GOAL OF THE EXERCISE => The required output is the stretch from the line containing "Pérou : circuits" through the line containing "Bird Bath Feeder with Feet - Grey" in the records below, unaltered and with no pictures.

SUPPLIED RECORDS =>
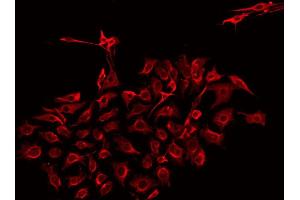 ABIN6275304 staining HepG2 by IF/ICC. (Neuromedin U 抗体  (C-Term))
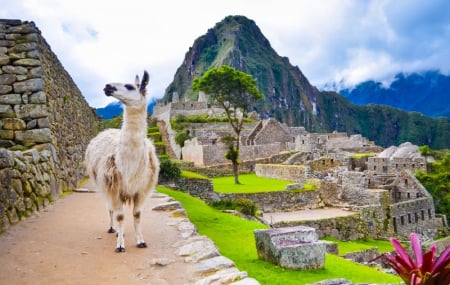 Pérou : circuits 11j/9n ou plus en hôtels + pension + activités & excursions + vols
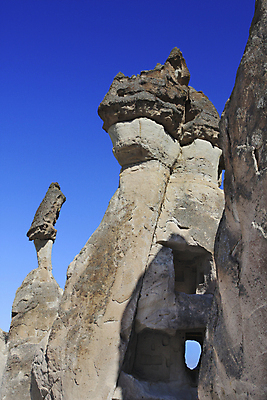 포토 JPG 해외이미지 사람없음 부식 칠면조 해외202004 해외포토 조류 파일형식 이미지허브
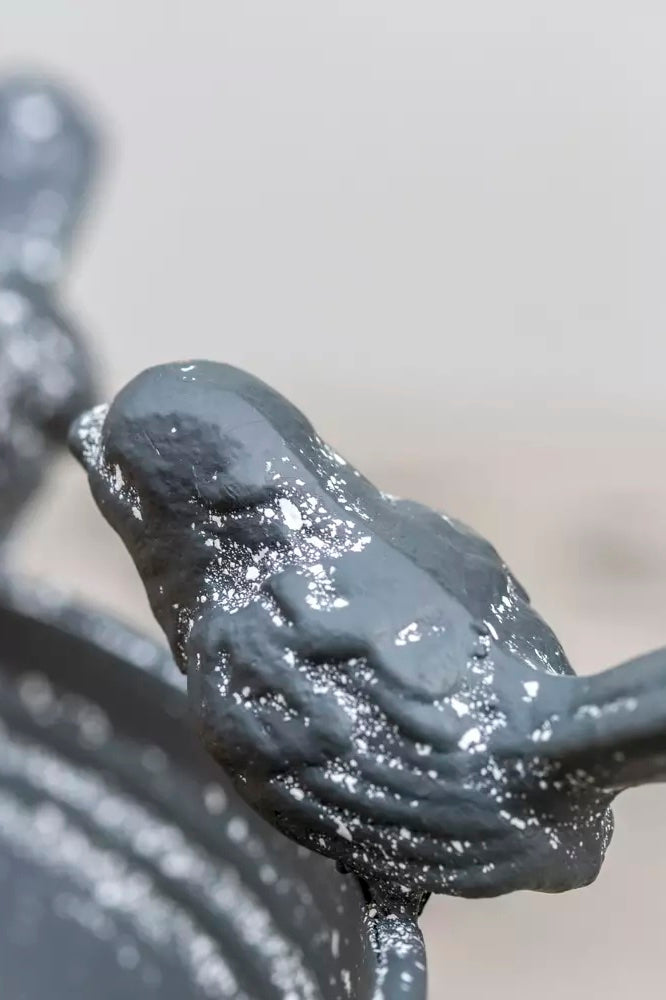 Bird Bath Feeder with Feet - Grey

...

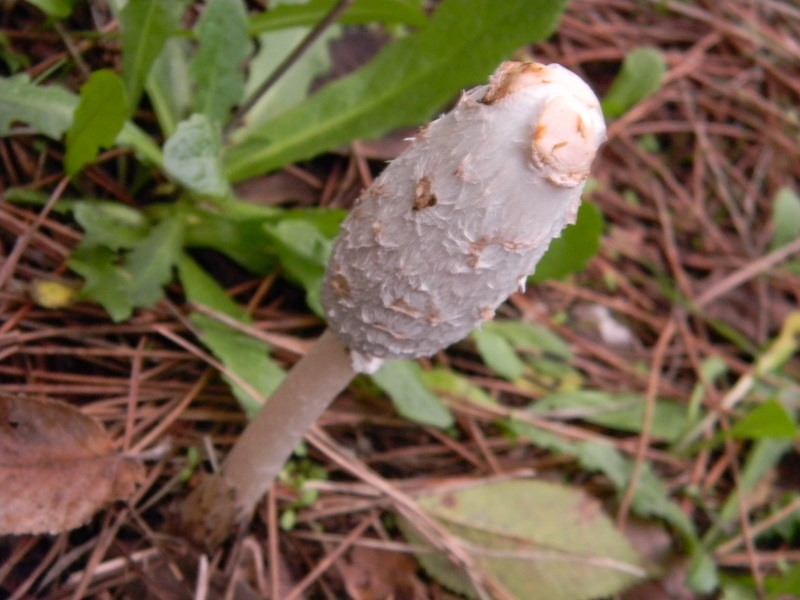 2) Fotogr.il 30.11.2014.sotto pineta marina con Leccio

...

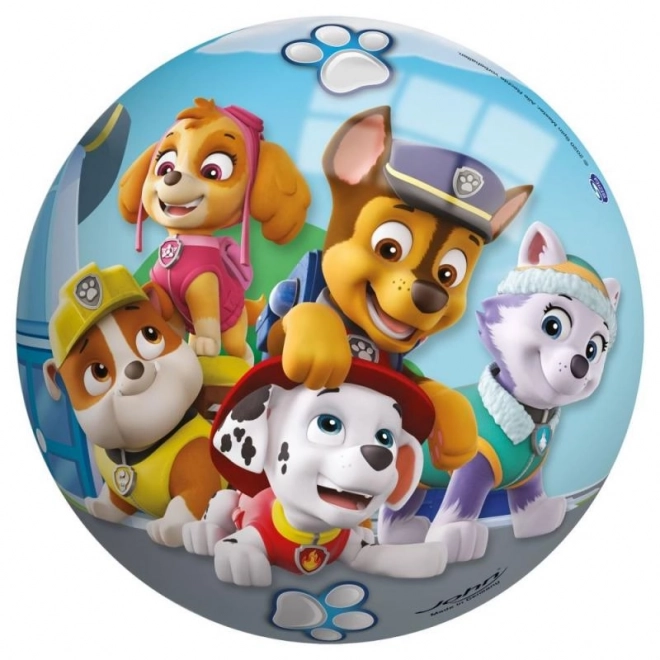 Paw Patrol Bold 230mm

ANSWER SECTION =>
 Pérou : circuits 11j/9n ou plus en hôtels + pension + activités & excursions + vols
 포토 JPG 해외이미지 사람없음 부식 칠면조 해외202004 해외포토 조류 파일형식 이미지허브
 Bird Bath Feeder with Feet - Grey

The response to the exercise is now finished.